High Court says only one parent in each family may be jailed at at time. The parents must report to jail before the giant protest.
By Hillel Fendel
First Publish: 6/17/2010, 10:00 AM / Last Update: 6/17/2010, 9:55 AM

Flash 90

The 43 Hassidic sets of parents from Emanuel threatened with two weeks of jail time have made various arrangements for their children to be cared for by neighbors and family. This morning, however, the Supreme Court issued a statement saying the judges would consider exempting one parent in each family from serving jail time – at least until the other parent is freed from prison.

The Court stated that exemptions of this nature could be made for parents who filed a written request to this effect.

The parents are being jailed because of their refusal to follow a Court ruling to send their daughters to a school they feel has lower religious standards than they wish for their families.

Monkey Wrench: "Come to Jail at Noon, Not at 5 PM"
On another plane, the Court has apparently thrown a monkey wrench into the plans for the giant demonstrations of today, by ordering the parents to report to the Russian Compound jail in Jerusalem by noon today.
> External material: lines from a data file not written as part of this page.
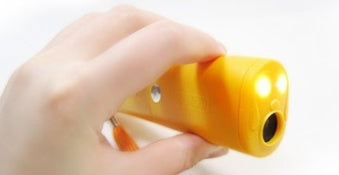 Dispositivo de entrenamiento para perros antiladridos 3 en 1, repelente ultrasónico de entrenamiento para perros, linterna LED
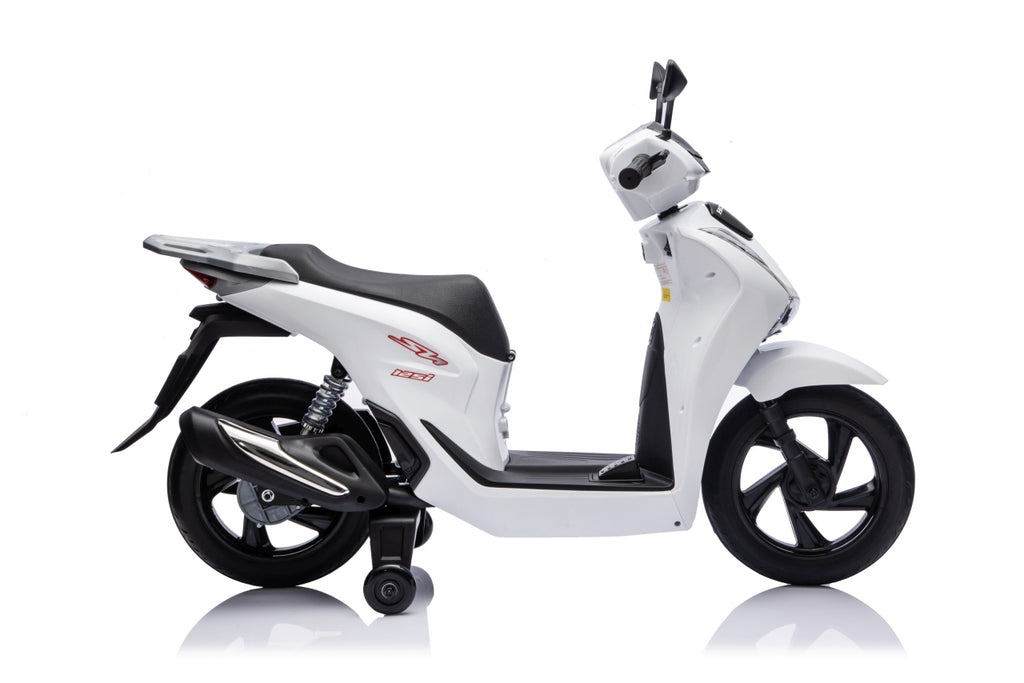 Elektrická motorka Honda SH125I biela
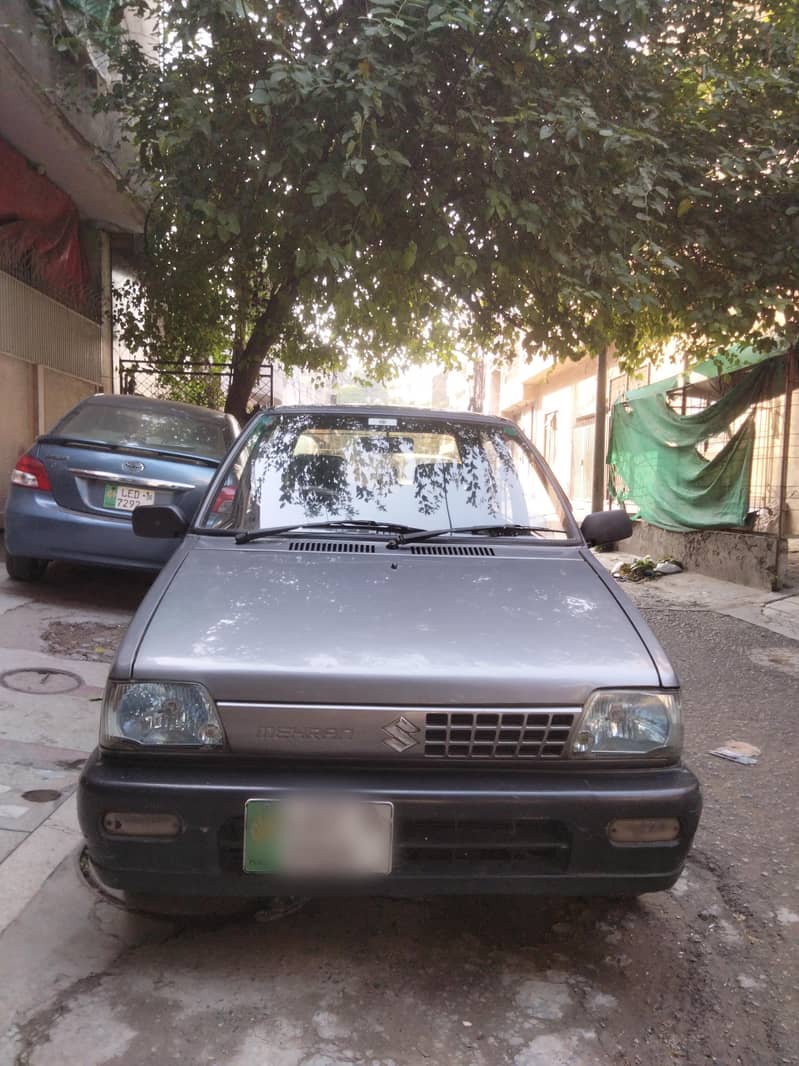 Suzuki Mehran VX 2016 0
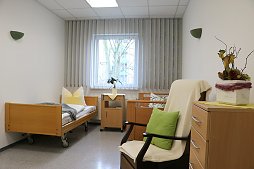 Ruheraum der Männer in der Tagespflege (Foto: SHK)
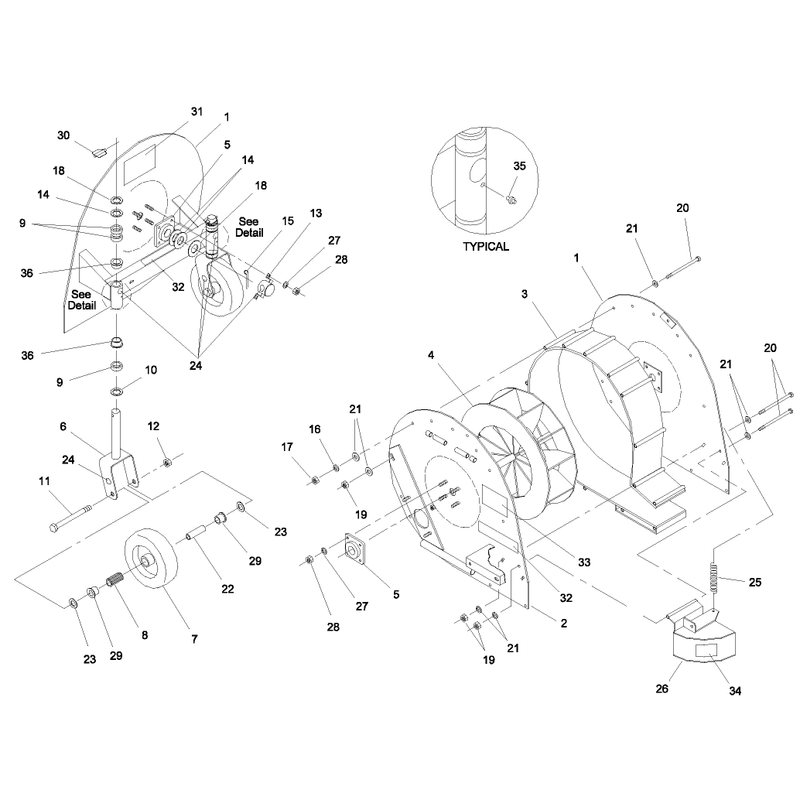 Blower Assembly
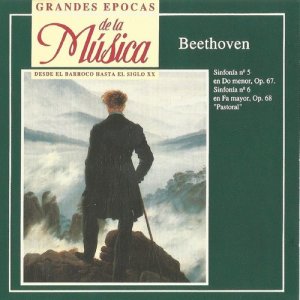 อัลบัม Grandes Épocas de la Música. Beethoven: Sinfonía No. 5 y Sinfonía No. 6 ศิลปิน Orquesta Filarmónica Checa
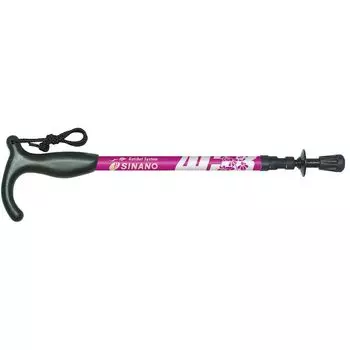 SINANO Трекинговая палка Трекинговая палка Тип палки пурпурный 4CR MGT 4C-R (Маджента/FF/Женский) маджента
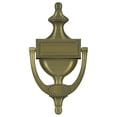 thumbnail image 1 of Deltana DKR75U5 Door Knocker; Victorian Rope; Antique Brass Finish, 1 of 2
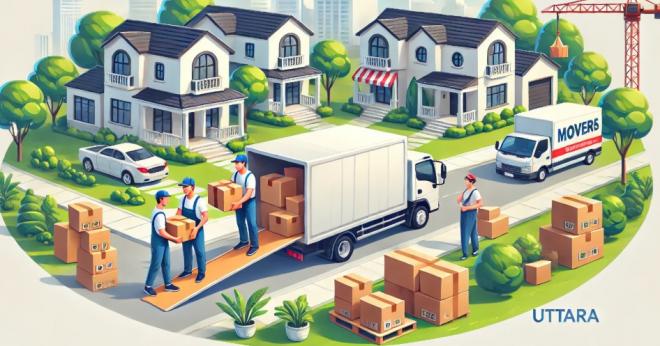 House shifting service in Uttara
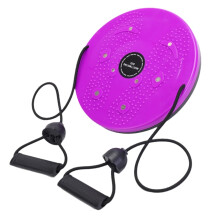 Torsion Body Dance Plate with Pull Rope - Magnetic Massage Plate for Weight Loss and Aerobic Exercise, Multifunctional Fitness Tool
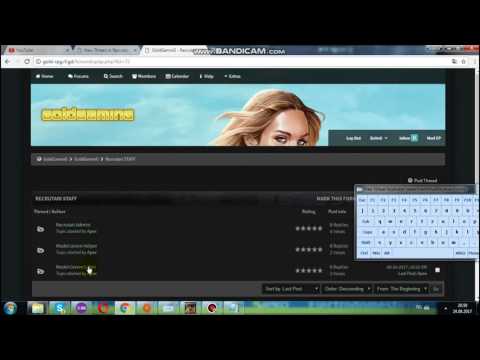 [Tutorial]Cum sa faci aplicatie pe forum pentru leader sa-mp.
The protest is scheduled for 1:30 PM, and is to end four hours later with a parade of protestors escorting the parents to prison.

Hareidi-religious sources emphasize that the issue is not one of ethnic discrimination, but rather a question of religious observance. “If there is discrimination against Sephardim,” said hareidi spokesman Dudi Zilbershlag, “it has nothing to do with the city of Emanuel. The school there is divided along religious lines, and even the parents in the ‘general’ stream want this separation to continue.”

“The Supreme Court has distanced itself from various population sectors," Zilbershlag said, "which itself casts a shadow over the rule of law. The giant hareidi protest against the Supreme Court a few years ago [helped in that] the hareidim are no longer viewed as an enemy of the Court - but other sectors, such as the settlers, the bereaved families, and many others, no longer have any confidence in the Court. When a body of this nature loses its trust, this is [a problem].”

Others have asked: "What's next? A court ruling that boys and girls must study in the same classes?"

Hareidi protests are expected not only in several places in Jerusalem, but also in Bnei Brak and other hareidi centers around the country.

President Shimon Peres is meeting with Deputy Education Minister Meir Porush of the hareidi-religious United Torah Judaism party in an attempt to reach a compromise.